Le cadre d'EF Education First indiquait en outre que les individus ayant une maîtrise de l'anglais exceptionnelle par rapport à la moyenne d'un pays donné, gagnaient en moyenne 30 à 50% de plus que leurs comparses ayant un niveau d'anglais plus classique.

Ce qui lui fait dire que le lien entre PIB par habitant et aisance dans la langue anglaise constituait un cercle vertueux. "Améliorer son anglais tire les salaires vers le haut, ce qui de l'autre côté donne aux États et aux individus davantage d'argent à investir pour développer l'apprentissage des langues", avançait-il.

Plus fort que le français

Enfin, l'anglais semble favoriser le développement économique des pays les moins avancés. C'est tout du moins ce que se sont attelés à démontrer, en 2010, Robert Pinon et Jon Haydon du cabinet Eurmonitor, pour le Birtish Council. Ils avaient alors attribué à cinq pays (le Pakistan, le Rwanda, le Cameroun, le Nigéria et le Bangladesh) une note censée refléter la performance économique sur plusieurs critères (climat des affaires, chômage, revenu brut par habitant, investissements étrangers, etc…).

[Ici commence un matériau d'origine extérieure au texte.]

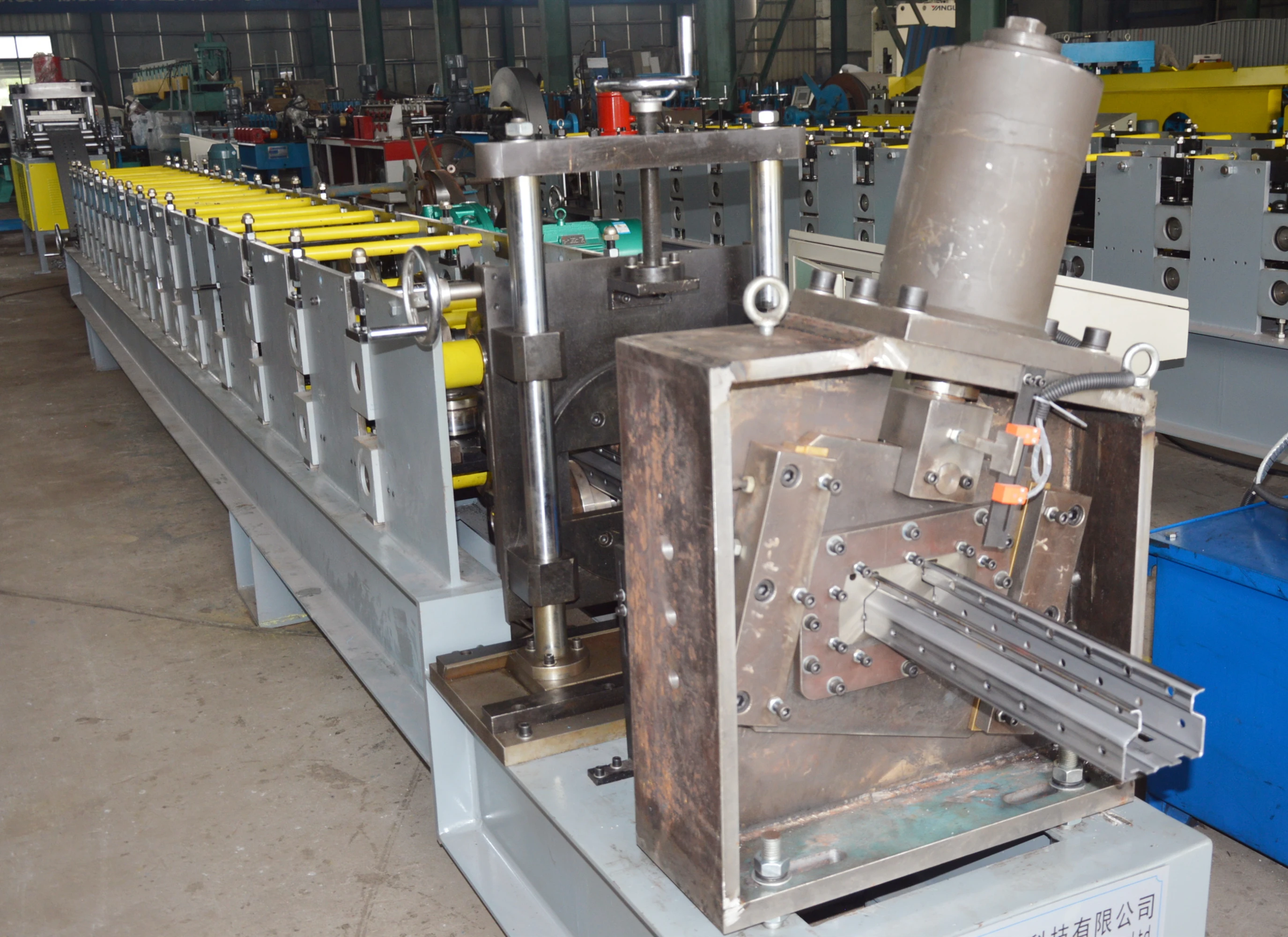 Equipment production of Rack upright roll forming machine Galvanized Racking machine Storage Rack Upright Roll Forming Machine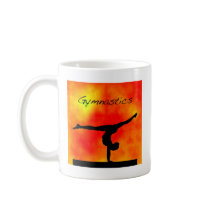 Orange Gymnastics Mug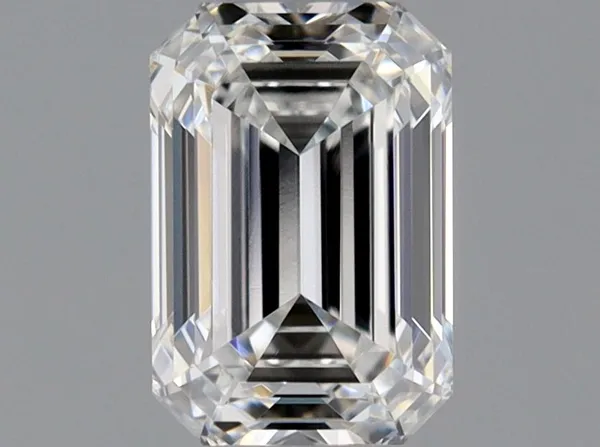 0.5ct EMERALD F VS1 Natural diamond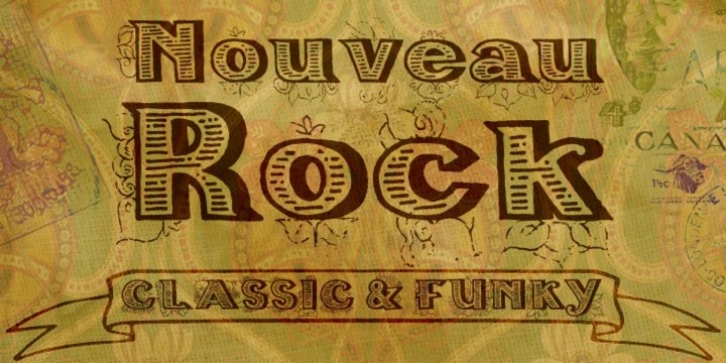 Nouveau Rock font preview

Résultat: les trois pays anglophones faisaient beaucoup mieux que ceux où le Français est la langue dominante (le Rwanda et le Cameroun). L'une des explications possibles est que les pays anglophones séduisent (logiquement) davantage les pays anglo-saxons, qui sont des gros pourvoyeurs d'IDE, avec des investissements représentant 33 à 41% du total. Des chiffres qui tombent à moins de 2% pour le Rwanda et le Cameroun.

Si bien que les auteurs du rapport soulignaient qu'en 2008 le Rwanda avait décidé de remplacer le français par l'anglais dans ses écoles pour dynamiser davantage son économie et attirer davantage de capitaux.